Action item =
Beneath this line are entries. Copy the range from the line with "Rückseite einer DVD-Hülle" to the line with "Adjustable Open Cuff", ends included, exactly; leave pictures out.
*** Available records ***
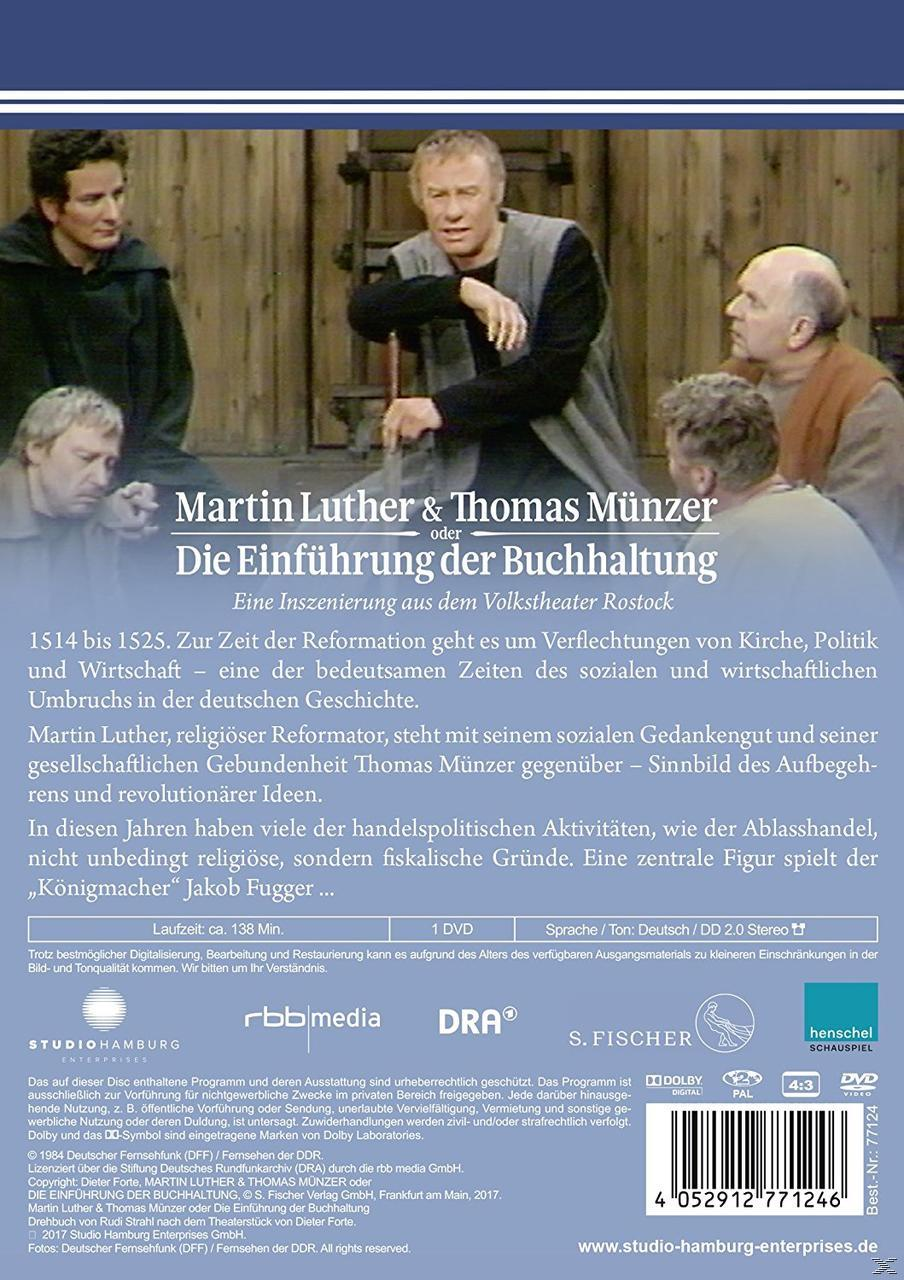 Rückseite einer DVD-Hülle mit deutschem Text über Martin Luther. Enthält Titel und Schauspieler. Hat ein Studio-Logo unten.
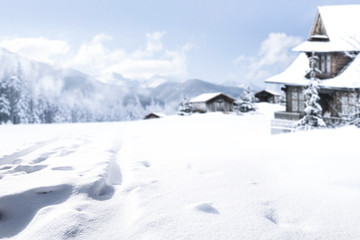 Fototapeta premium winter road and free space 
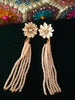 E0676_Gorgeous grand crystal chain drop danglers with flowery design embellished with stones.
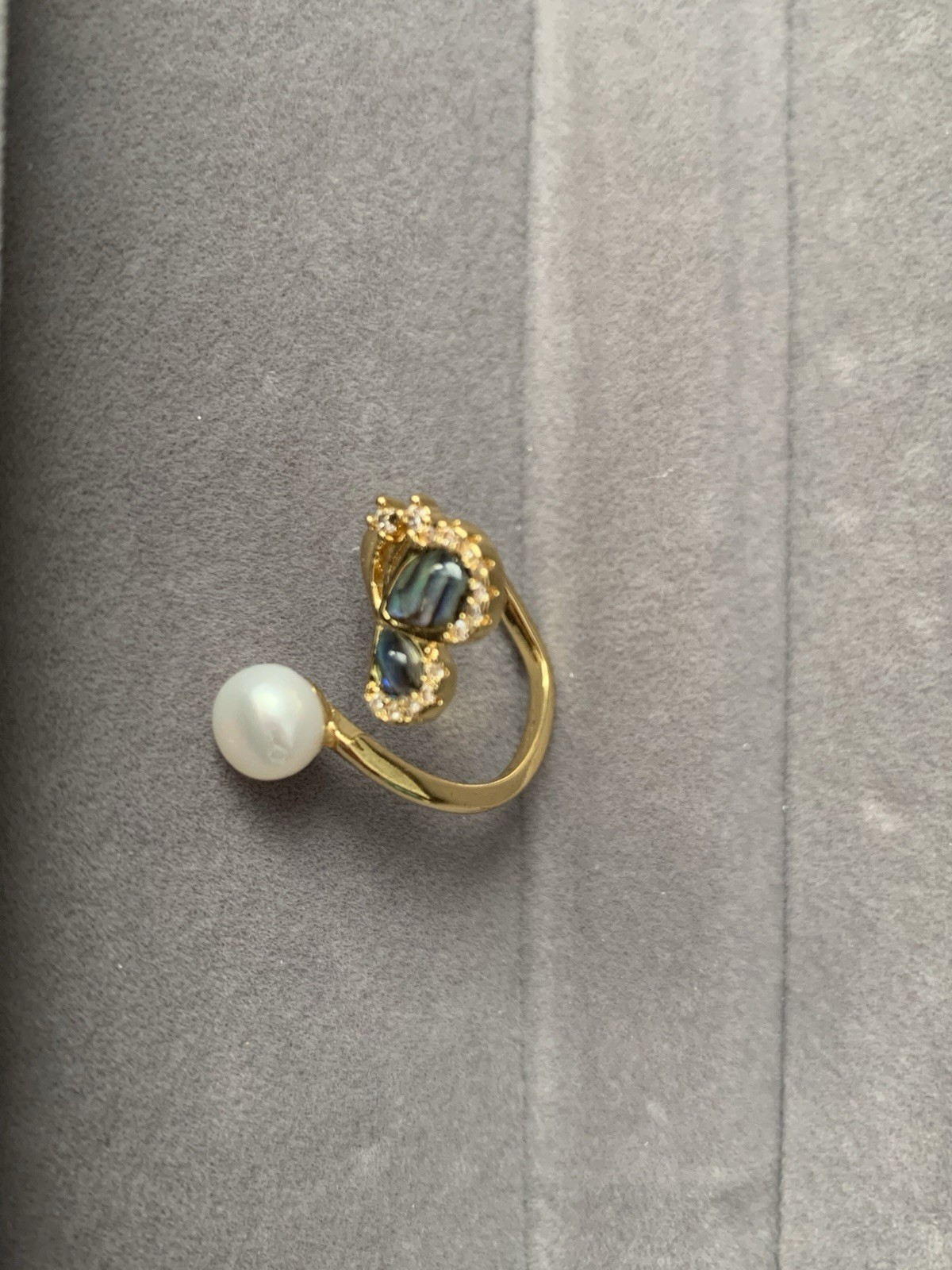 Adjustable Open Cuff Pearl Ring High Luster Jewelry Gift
*** End of Available records ***
*** Available records ***
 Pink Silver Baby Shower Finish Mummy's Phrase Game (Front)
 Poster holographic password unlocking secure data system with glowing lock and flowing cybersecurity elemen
*** End of Available records ***
*** Available records ***
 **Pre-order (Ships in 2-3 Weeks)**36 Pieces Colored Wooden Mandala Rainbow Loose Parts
*** End of Available records ***
Exercise output =
 Rückseite einer DVD-Hülle mit deutschem Text über Martin Luther. Enthält Titel und Schauspieler. Hat ein Studio-Logo unten.
 Fototapeta premium winter road and free space 
 E0676_Gorgeous grand crystal chain drop danglers with flowery design embellished with stones.
 Adjustable Open Cuff Pearl Ring High Luster Jewelry Gift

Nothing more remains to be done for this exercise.